Leave out the pictures and repeat every record exactly.

::::::::::

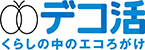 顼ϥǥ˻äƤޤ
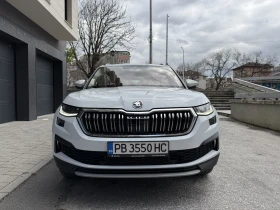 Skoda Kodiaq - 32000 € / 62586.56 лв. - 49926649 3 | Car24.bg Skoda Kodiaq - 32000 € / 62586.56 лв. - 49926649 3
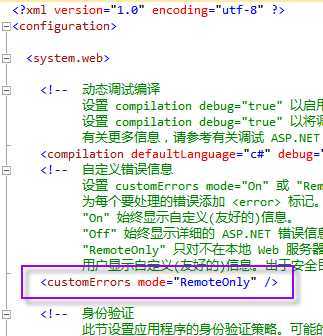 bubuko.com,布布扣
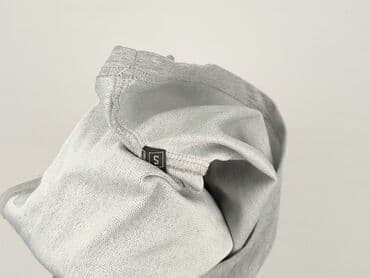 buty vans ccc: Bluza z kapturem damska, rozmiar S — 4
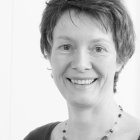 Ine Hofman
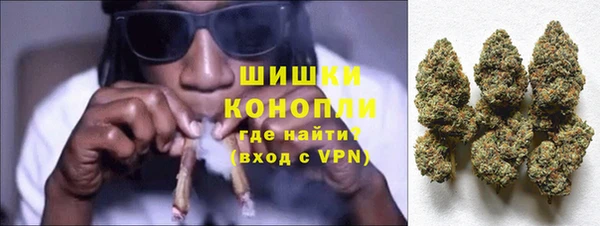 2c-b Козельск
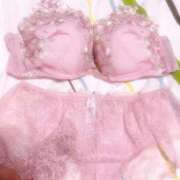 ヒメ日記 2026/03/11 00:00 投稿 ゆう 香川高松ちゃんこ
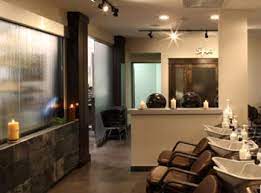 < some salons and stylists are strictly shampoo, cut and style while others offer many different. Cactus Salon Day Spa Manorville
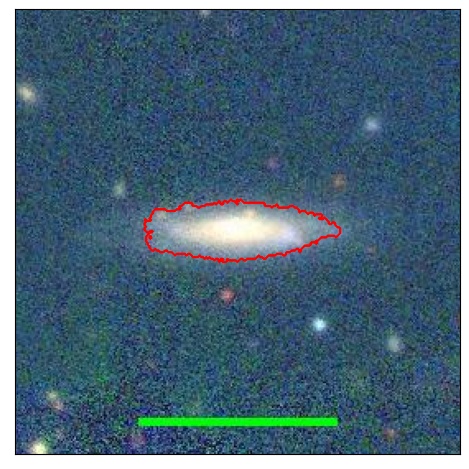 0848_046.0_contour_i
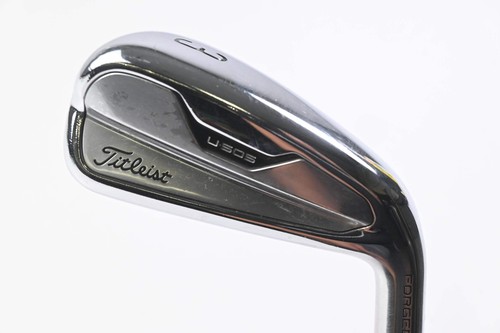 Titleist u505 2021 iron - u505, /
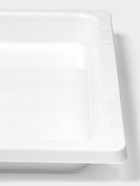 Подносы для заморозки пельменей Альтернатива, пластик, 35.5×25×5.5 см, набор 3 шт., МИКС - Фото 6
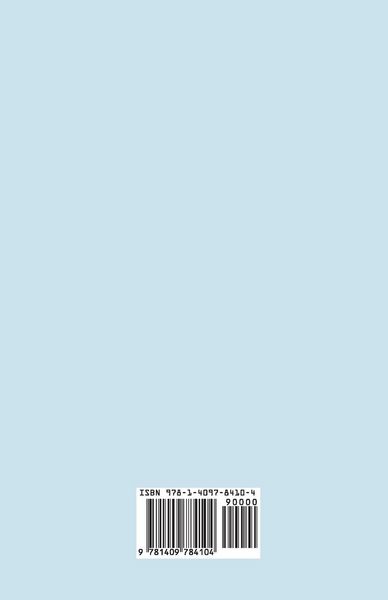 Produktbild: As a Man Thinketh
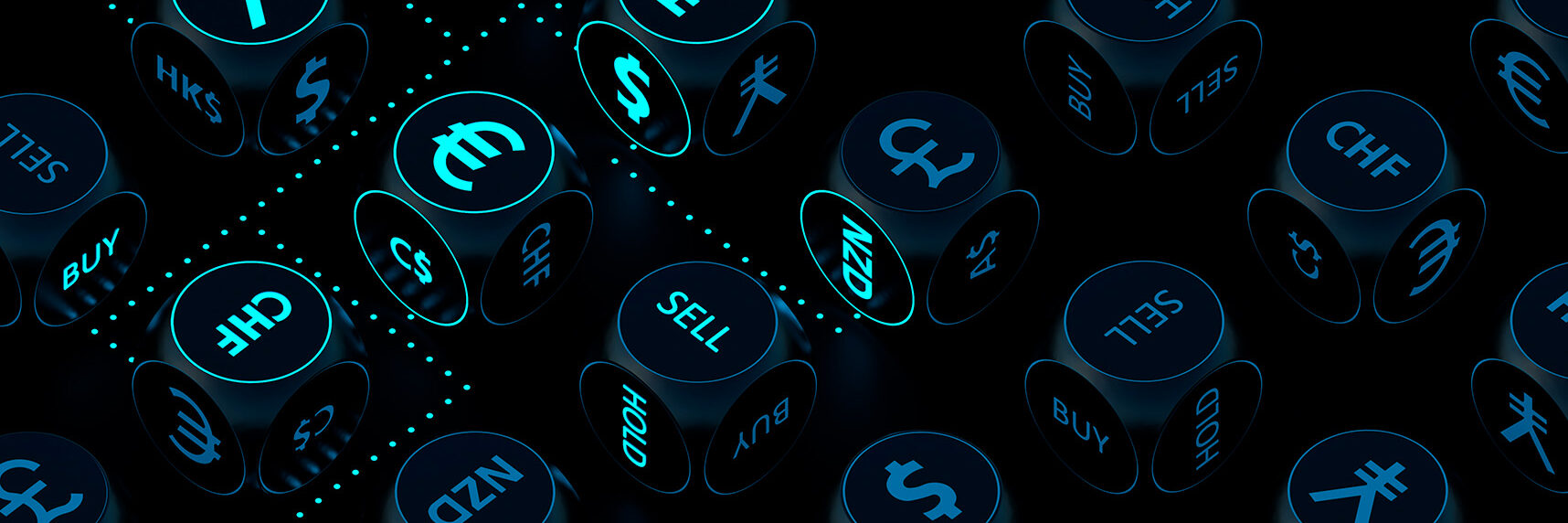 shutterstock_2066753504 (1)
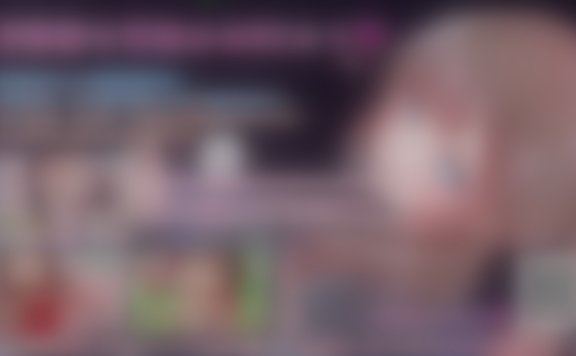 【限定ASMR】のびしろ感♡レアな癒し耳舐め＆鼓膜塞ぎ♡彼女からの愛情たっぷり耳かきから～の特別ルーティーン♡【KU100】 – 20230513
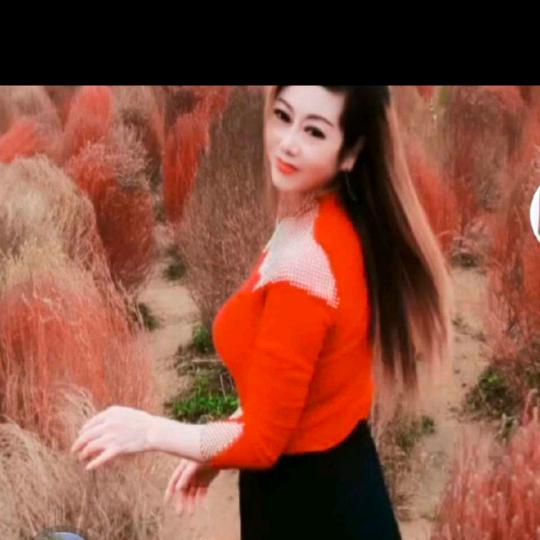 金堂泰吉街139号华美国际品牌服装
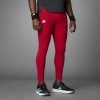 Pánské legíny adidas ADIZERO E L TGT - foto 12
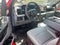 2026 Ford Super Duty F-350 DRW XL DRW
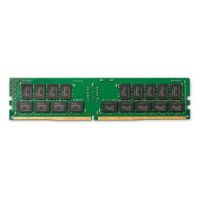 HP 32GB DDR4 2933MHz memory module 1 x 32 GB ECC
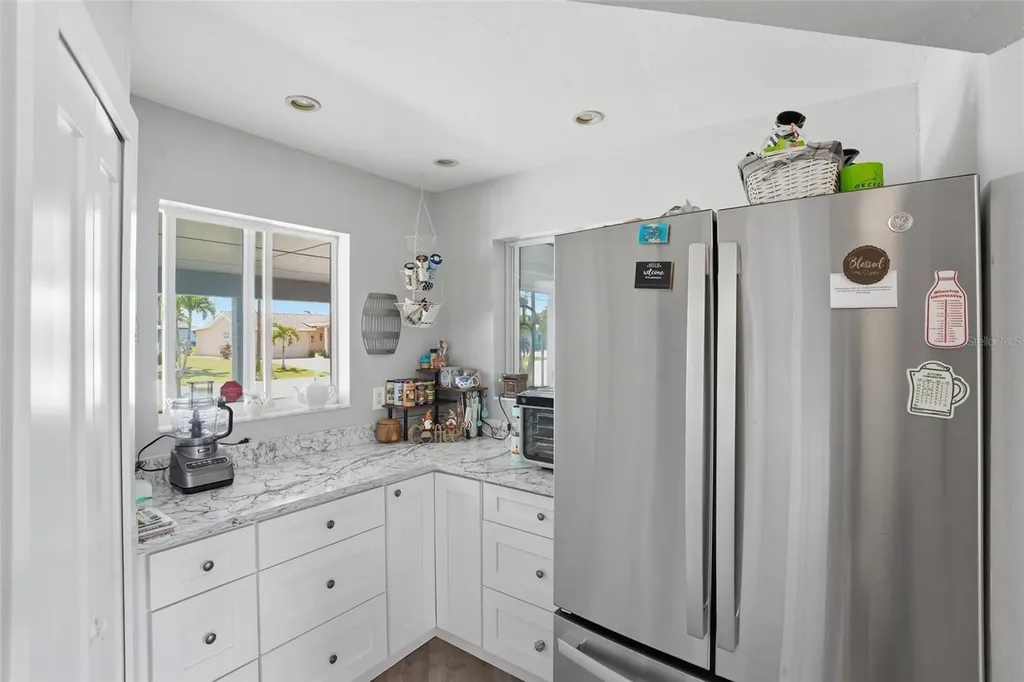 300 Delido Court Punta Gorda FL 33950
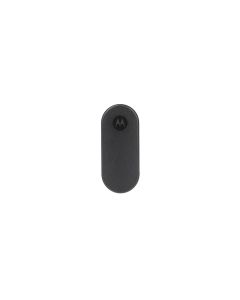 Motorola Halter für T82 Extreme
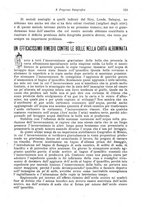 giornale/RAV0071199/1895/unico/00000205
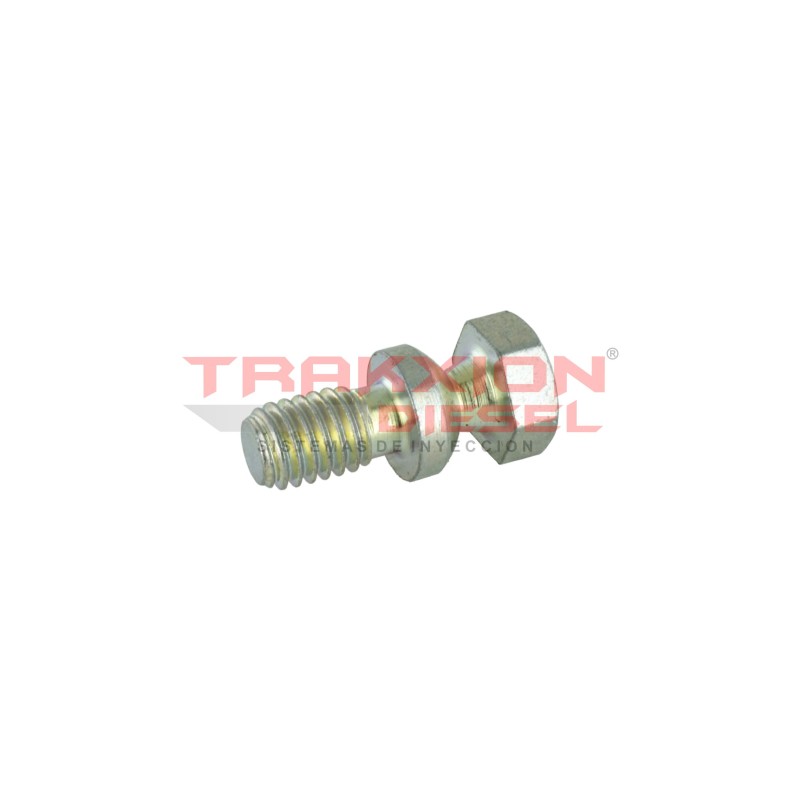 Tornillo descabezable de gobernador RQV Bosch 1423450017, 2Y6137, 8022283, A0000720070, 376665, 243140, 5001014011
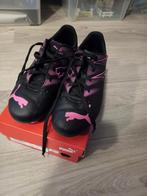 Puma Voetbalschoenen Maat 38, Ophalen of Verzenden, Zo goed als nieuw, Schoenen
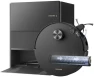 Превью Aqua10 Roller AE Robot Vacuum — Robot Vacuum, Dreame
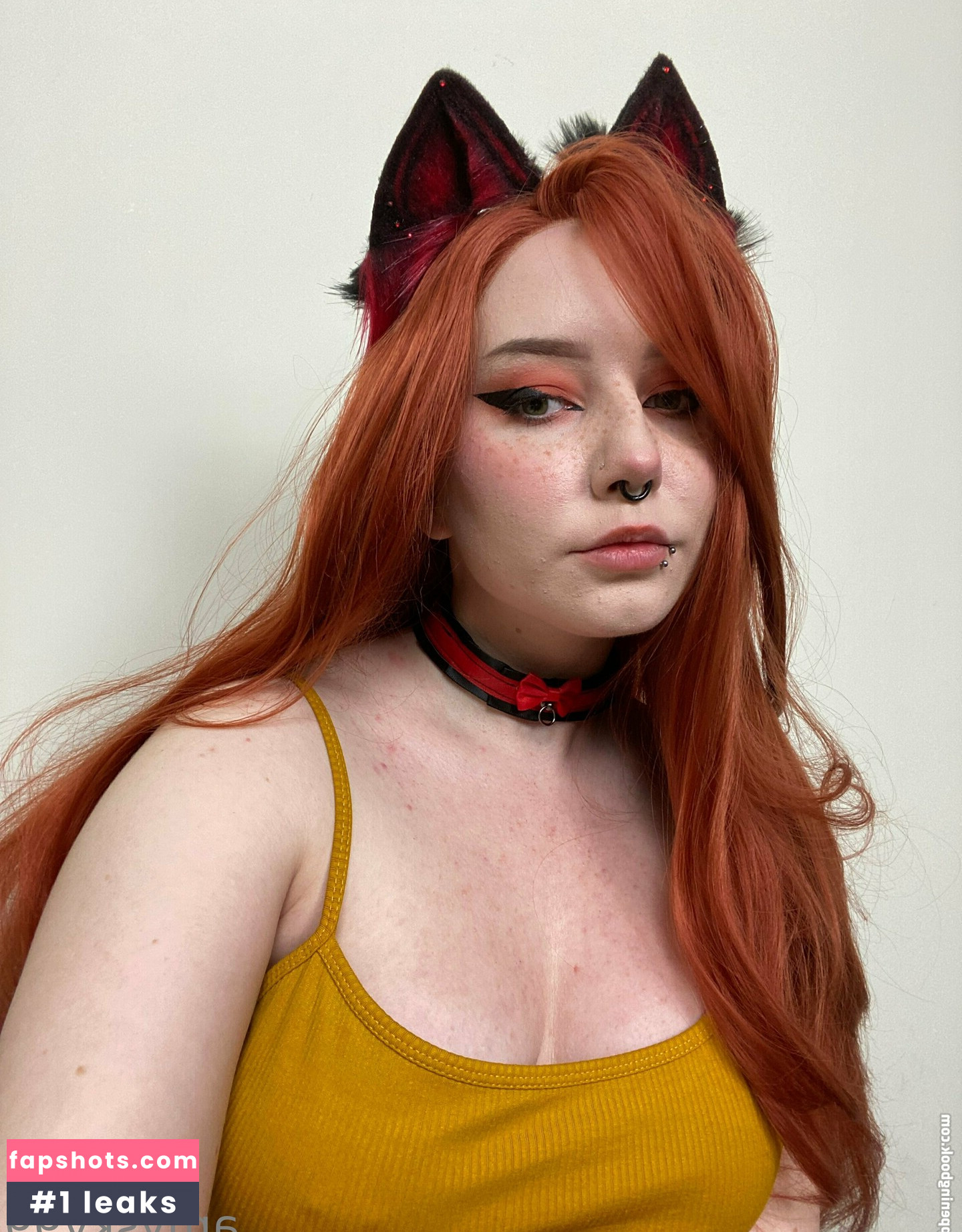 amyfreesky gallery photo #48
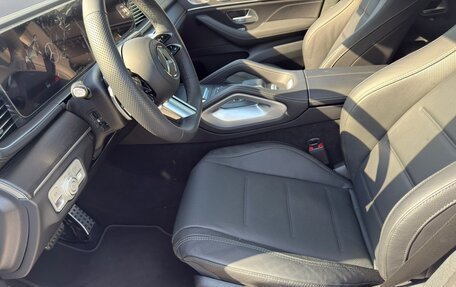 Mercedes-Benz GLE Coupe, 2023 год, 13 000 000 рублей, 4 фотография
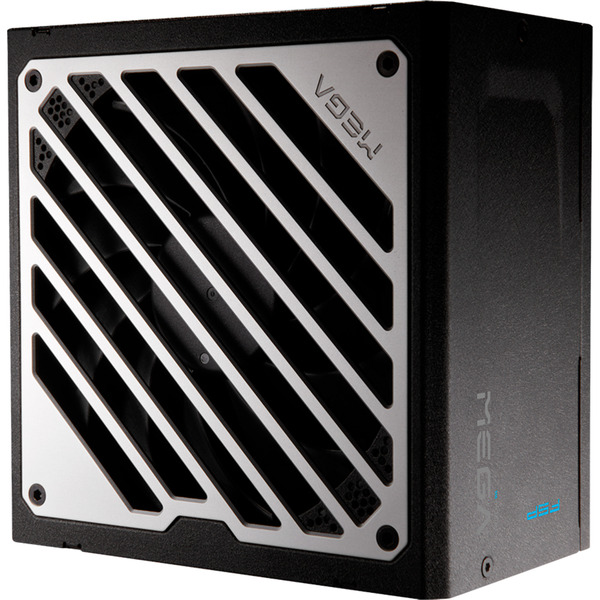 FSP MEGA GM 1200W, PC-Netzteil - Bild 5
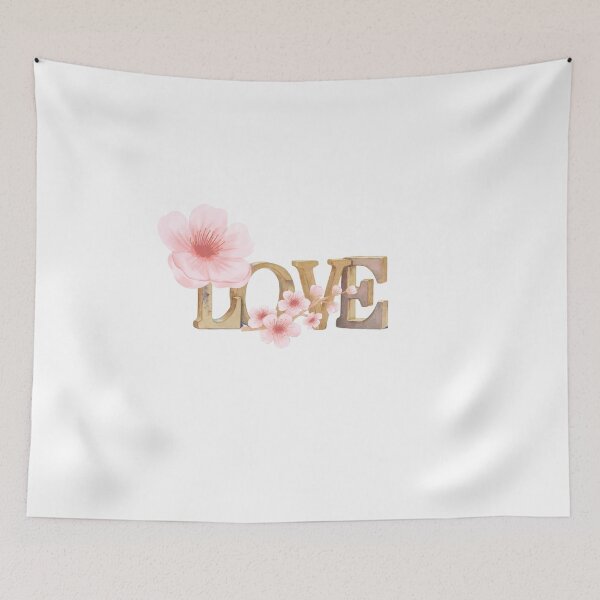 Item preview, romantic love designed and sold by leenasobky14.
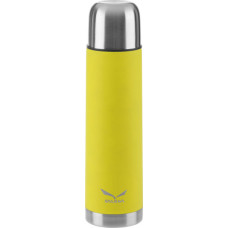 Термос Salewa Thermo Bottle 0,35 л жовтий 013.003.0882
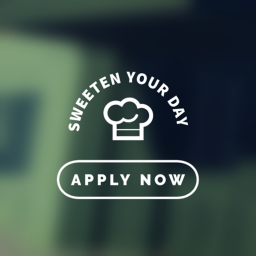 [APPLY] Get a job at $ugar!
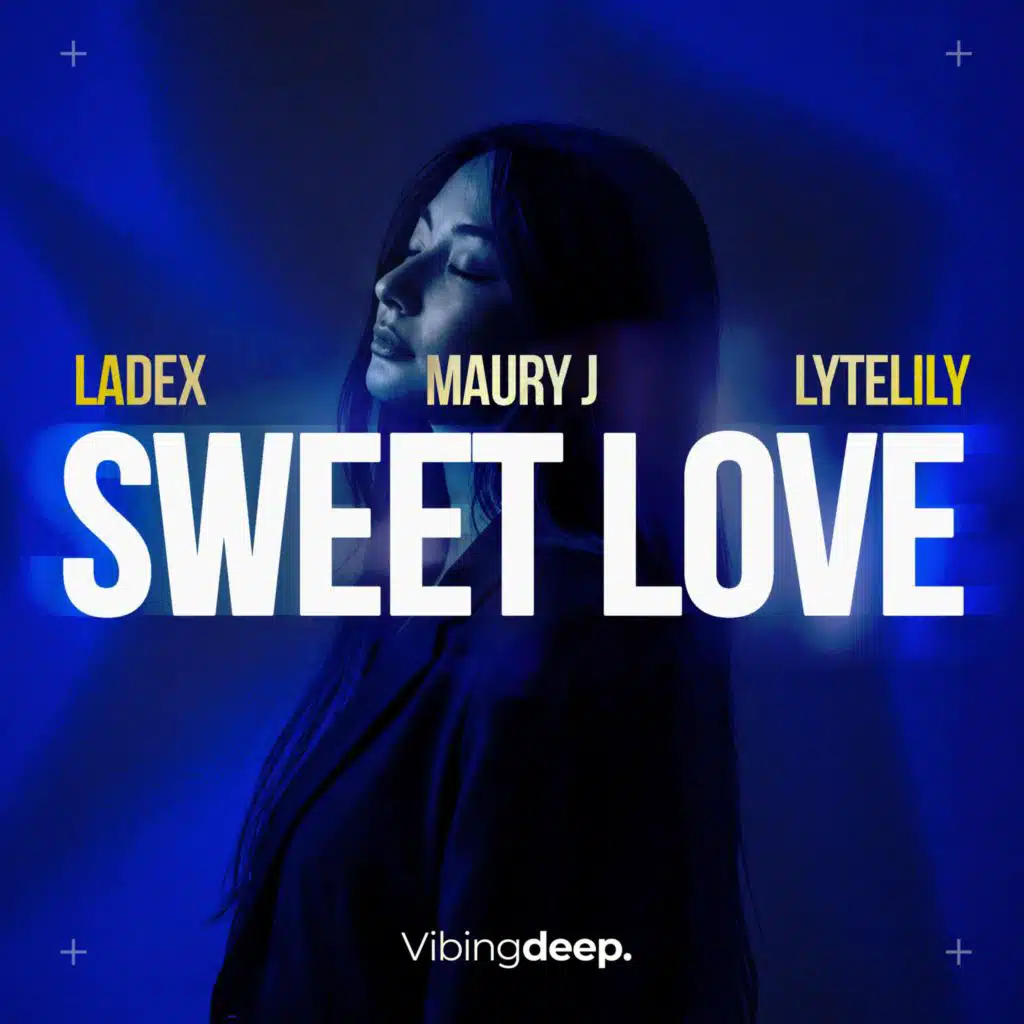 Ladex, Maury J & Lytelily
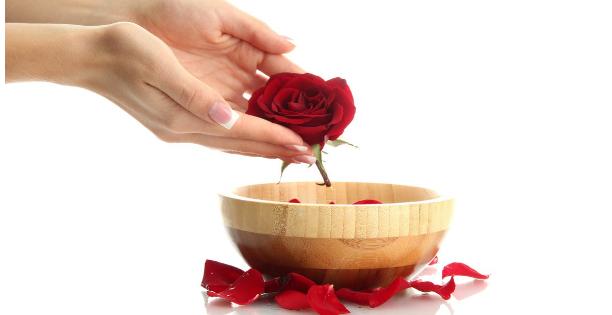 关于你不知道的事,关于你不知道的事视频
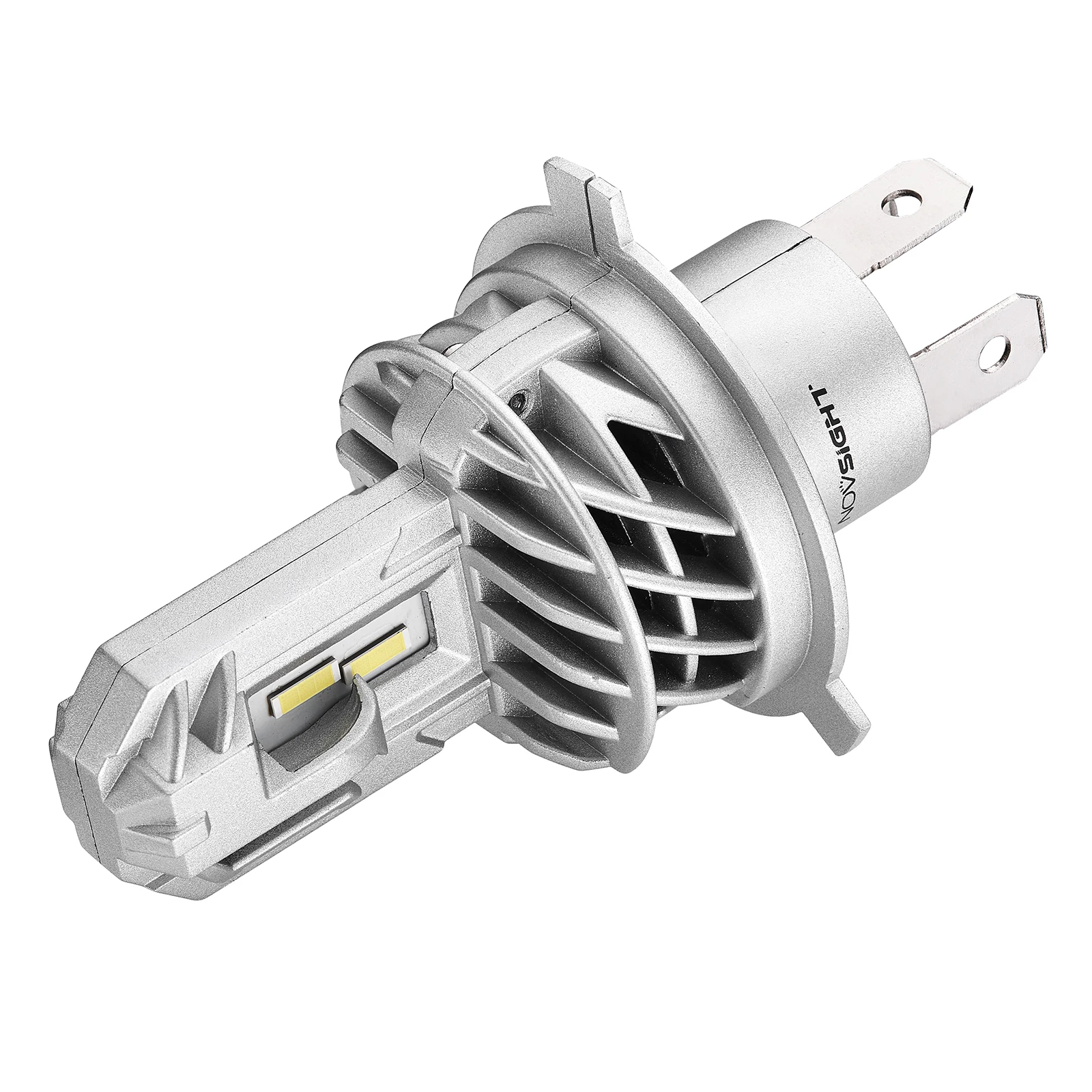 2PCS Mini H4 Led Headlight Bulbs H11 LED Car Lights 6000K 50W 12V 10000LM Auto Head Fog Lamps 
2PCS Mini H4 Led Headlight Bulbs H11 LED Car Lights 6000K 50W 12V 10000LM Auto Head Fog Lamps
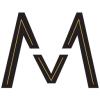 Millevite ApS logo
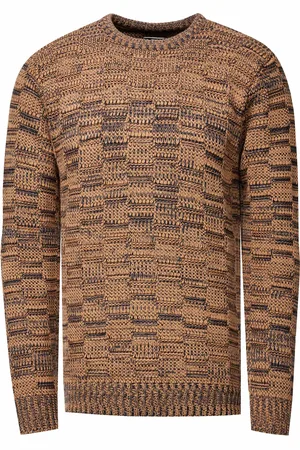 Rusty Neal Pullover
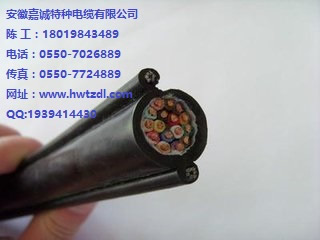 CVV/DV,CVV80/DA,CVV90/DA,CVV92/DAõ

::::::::::

**RESPONSE:**
 顼ϥǥ˻äƤޤ
 Skoda Kodiaq - 32000 € / 62586.56 лв. - 49926649 3 | Car24.bg Skoda Kodiaq - 32000 € / 62586.56 лв. - 49926649 3
 bubuko.com,布布扣
 buty vans ccc: Bluza z kapturem damska, rozmiar S — 4
 Ine Hofman
 2c-b Козельск
 ヒメ日記 2026/03/11 00:00 投稿 ゆう 香川高松ちゃんこ
 < some salons and stylists are strictly shampoo, cut and style while others offer many different. Cactus Salon Day Spa Manorville
 0848_046.0_contour_i
 Titleist u505 2021 iron - u505, /
 Подносы для заморозки пельменей Альтернатива, пластик, 35.5×25×5.5 см, набор 3 шт., МИКС - Фото 6
 Produktbild: As a Man Thinketh
 shutterstock_2066753504 (1)
 【限定ASMR】のびしろ感♡レアな癒し耳舐め＆鼓膜塞ぎ♡彼女からの愛情たっぷり耳かきから～の特別ルーティーン♡【KU100】 – 20230513
 金堂泰吉街139号华美国际品牌服装
 Pánské legíny adidas ADIZERO E L TGT - foto 12
 2026 Ford Super Duty F-350 DRW XL DRW
 HP 32GB DDR4 2933MHz memory module 1 x 32 GB ECC
 300 Delido Court Punta Gorda FL 33950
 Motorola Halter für T82 Extreme
 giornale/RAV0071199/1895/unico/00000205
 Tornillo descabezable de gobernador RQV Bosch 1423450017, 2Y6137, 8022283, A0000720070, 376665, 243140, 5001014011
 Puma Voetbalschoenen Maat 38, Ophalen of Verzenden, Zo goed als nieuw, Schoenen
 Превью Aqua10 Roller AE Robot Vacuum — Robot Vacuum, Dreame
 amyfreesky gallery photo #48
 Mercedes-Benz GLE Coupe, 2023 год, 13 000 000 рублей, 4 фотография
 FSP MEGA GM 1200W, PC-Netzteil - Bild 5
 Item preview, romantic love designed and sold by leenasobky14.
 Термос Salewa Thermo Bottle 0,35 л жовтий 013.003.0882
 [APPLY] Get a job at $ugar!
 Ladex, Maury J & Lytelily
 关于你不知道的事,关于你不知道的事视频
 2PCS Mini H4 Led Headlight Bulbs H11 LED Car Lights 6000K 50W 12V 10000LM Auto Head Fog Lamps 
2PCS Mini H4 Led Headlight Bulbs H11 LED Car Lights 6000K 50W 12V 10000LM Auto Head Fog Lamps
 Millevite ApS logo
 Rusty Neal Pullover
 CVV/DV,CVV80/DA,CVV90/DA,CVV92/DAõ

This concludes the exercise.